* _ABOUT THIS EXERCISE_: Leaving the pictures aside, return the listing exactly as it appears.

***** DATA *****

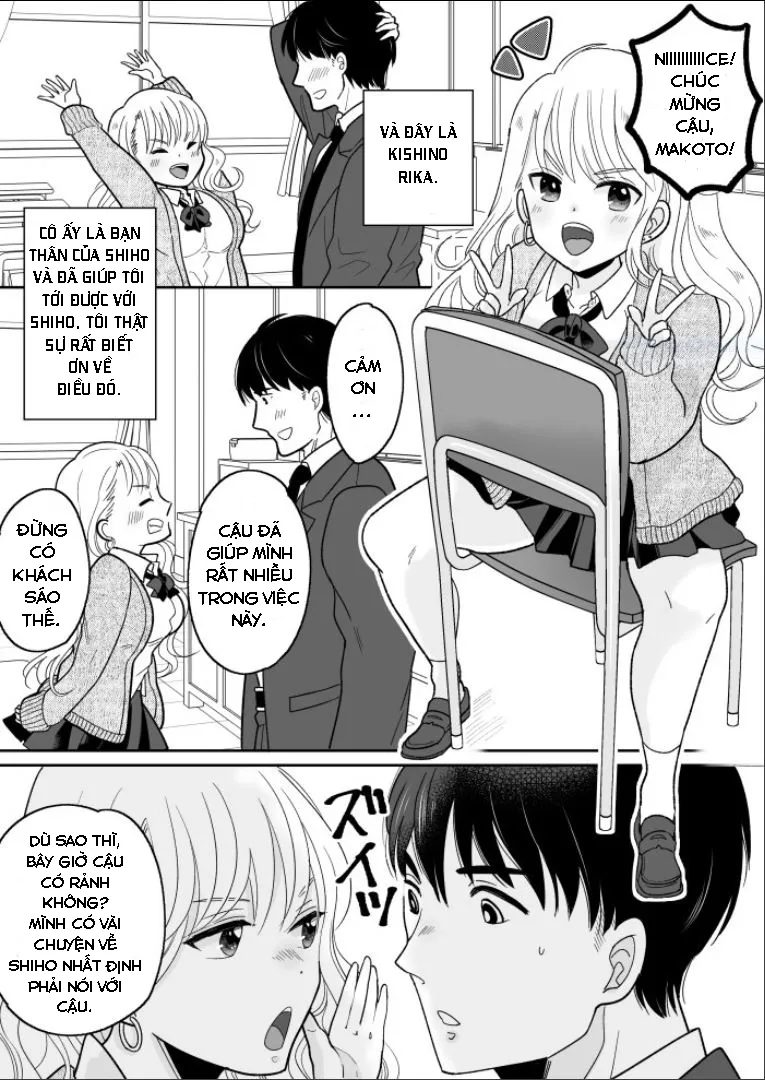 HentaiVN.net - Ảnh 5 - Câu chuyện về việc tôi đã hoán đổi cơ thể với một gyaru dễ thương và bị địt bởi thằng bạn thân [Kawaii Gal to Karada o Irekaerareta Ore ga Shinyuu to H Suru Hanashi.] - Oneshot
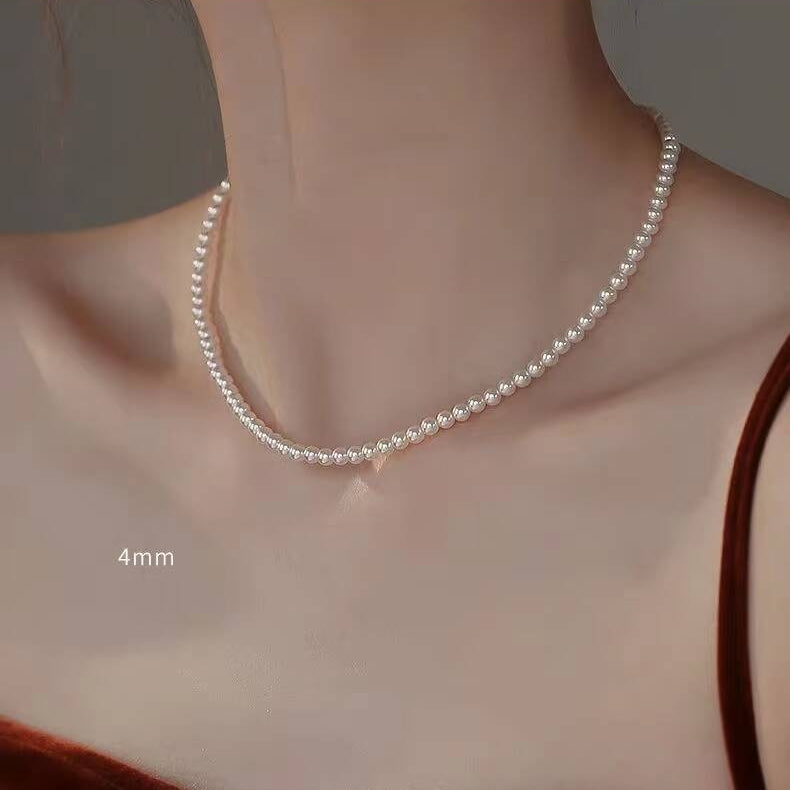 pearl necklace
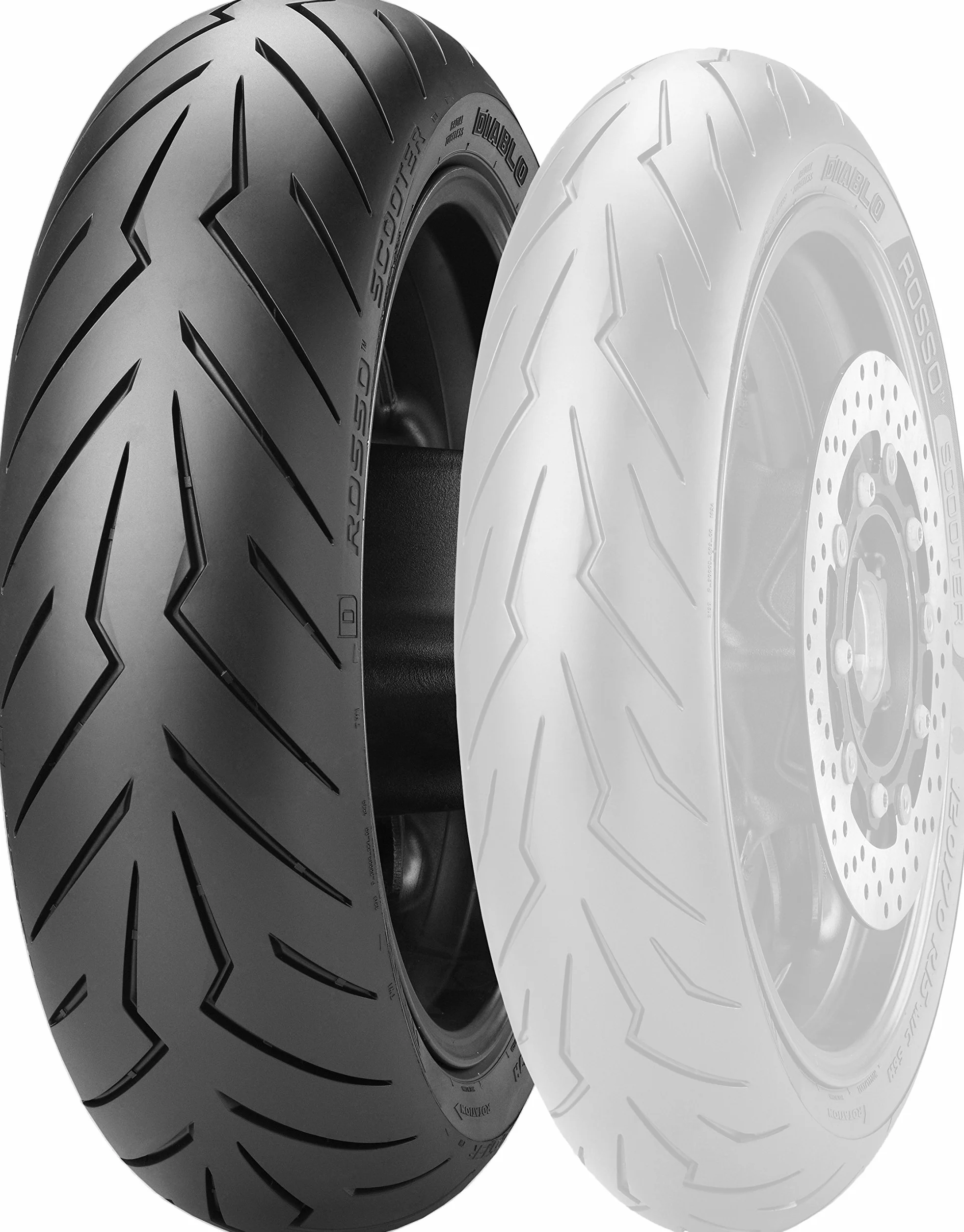 Opona Scooter Diablo Rosso 130/70-12 62P TL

*****

* _EXERCISE RESPONSE_:
 HentaiVN.net - Ảnh 5 - Câu chuyện về việc tôi đã hoán đổi cơ thể với một gyaru dễ thương và bị địt bởi thằng bạn thân [Kawaii Gal to Karada o Irekaerareta Ore ga Shinyuu to H Suru Hanashi.] - Oneshot
 pearl necklace
 Opona Scooter Diablo Rosso 130/70-12 62P TL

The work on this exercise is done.